Several high-profile incidents in the past year have highlighted persistent institutional weaknesses. Planting by major international palm oil concessionaires has been delayed by local disputes over access to the land they were granted. Investigations revealed that local communities were often unaware of the concession agreements until that had already been signed with the government. In the forestry sector, widespread abuse of Private Use Permits (PUPs) came to light in late 2012: some 25% of Liberia’s land has been contracted for logging, often with falsified deeds, without the knowledge of local communities, and sidestepping environmental regulations that were intended to ensure sustainable management. A moratorium was placed on the use of PUPs, and the head and Board of the Forestry Development Authority were suspended. In the oil sector, a watchdog has claimed that the National Oil Corporation of Liberia is corrupt and needs reform, particularly as it holds conflicting roles as a policy developer, regulator, and commercial operator. New concession agreements are on hold pending a new oil policy.
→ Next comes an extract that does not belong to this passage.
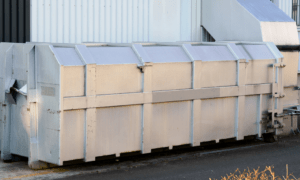 Couple of waste compactors next to each other.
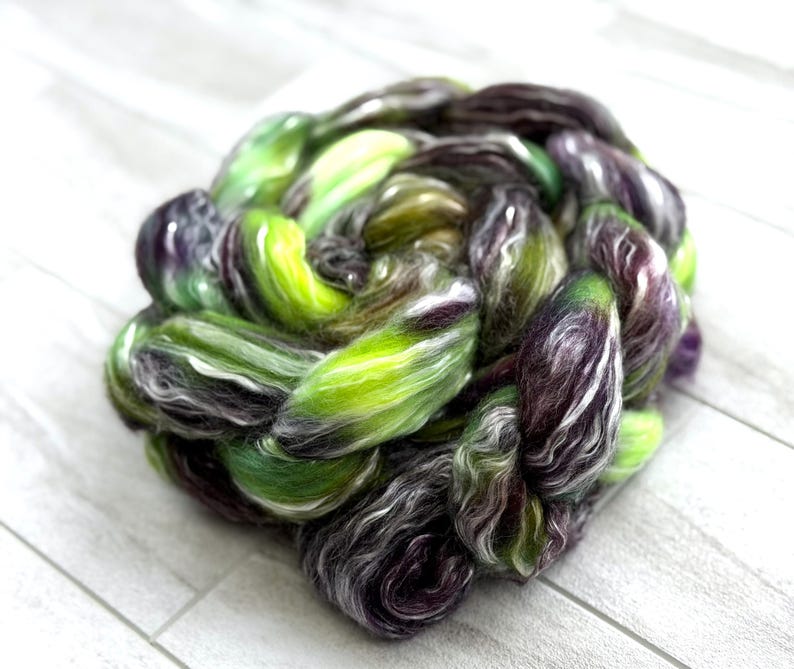 May include: A vibrant, hand-dyed fiber braid in shades of green, purple, and white. The fiber is tightly twisted, creating a textured, organic shape. The colors blend together, creating a unique and artistic look, perfect for spinning or other fiber arts.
The government has launched its Agenda for Transformation (AfT), which plans to address road, port, and energy constraints, as well as improve youth employment and education. It has aligned its FY 2012/13 budget with AfT priorities, but will face substantial funding gaps to finance its desired infrastructure investments. Concessionaire investment plans will have to be fully leveraged to close the infrastructure gap. Mining companies are investing some USD 8 billion in Liberia, USD 5 billion of which are for power and transport infrastructure. Concession agreements promote third-party access for surplus power, roads, port, and rail facilities. Improved co-ordination will be critical to better leverage these resources.